Dick Cooper founded the company in 1984, and his son Rich Cooper and daughter Sherry Percivalle now run it, taking care of their father, whose health is deteriorating.
“Dick is my oldest friend,” said Aeschliman. “He retired six years ago … it’s hard to see him in poor health. I want to remember him as he was. “
Aeschliman grew up in Torrington and graduated from Torrington High School. His first job was in Florida, where he was in charge of a warehouse of lighting fixtures used by contractors building homes in the greater Miami area. He was drafted and joined the US Marine Corps, which served during the Korean War from 1951 to 1953.

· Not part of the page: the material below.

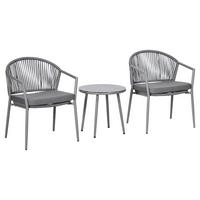 Outsunny Bistro-Set hellgrau Stahl B/H/L: ca. 62x78x58 cm Bistro-Set - hellgrau (58,00/62,00/78,00cm) - Outsunny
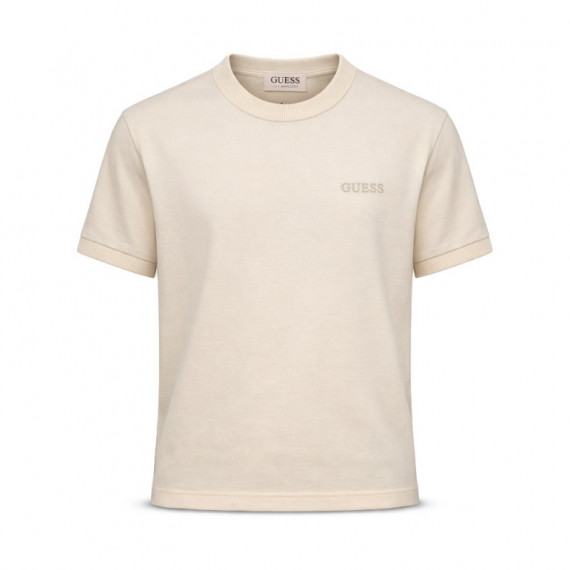 Camiseta con logo tejido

“I was very lucky, I didn’t see a fight,” said Aeschliman. “I was stationed in San Diego and managed three warehouses for the commissioner. They were full of food. “
He returned home looking for a job and when his father bought a new television it was delivered to the house one night. “He got it from a dealer in Bantam and when it was delivered he said his service technician would leave. He hired me and sent me to school to learn the trade. “
After this job, Aeschliman joined Ducci Electrical Contractors as a soldier in 1953. E. John Ducci, the company’s founder, sold the equipment business to Cooper a few years later. At the time, he had a column on the Citizen tab, “Ask Ray,” answering questions from readers about their devices.
Aeschliman and his wife Kay had been married for 60 years; She died in 2009. The couple had two sons, Glen, who died in 2013, and Alan, who lives in East Granby with his wife, Lori. Aeschliman has four adult grandchildren and two great-grandchildren.
For Aeschliman, being part of Cooper is more than a job. It’s a connection to the world and the people in it, especially the Coopers. The business owners say they are close to all 11 of their employees.
Aeschliman’s successor as service manager, Jim Ferrentino, has been working for the Coopers for 19 years.
“We all know each other here,” said Ferrentino.
“I remember when Rich was born,” said Aeschliman with a smile. “Sherry’s husband was my son’s best friend, and that’s how they met.”
“We’re like family here, that’s very true,” said Rich Cooper. “Some of us practically grew up together.”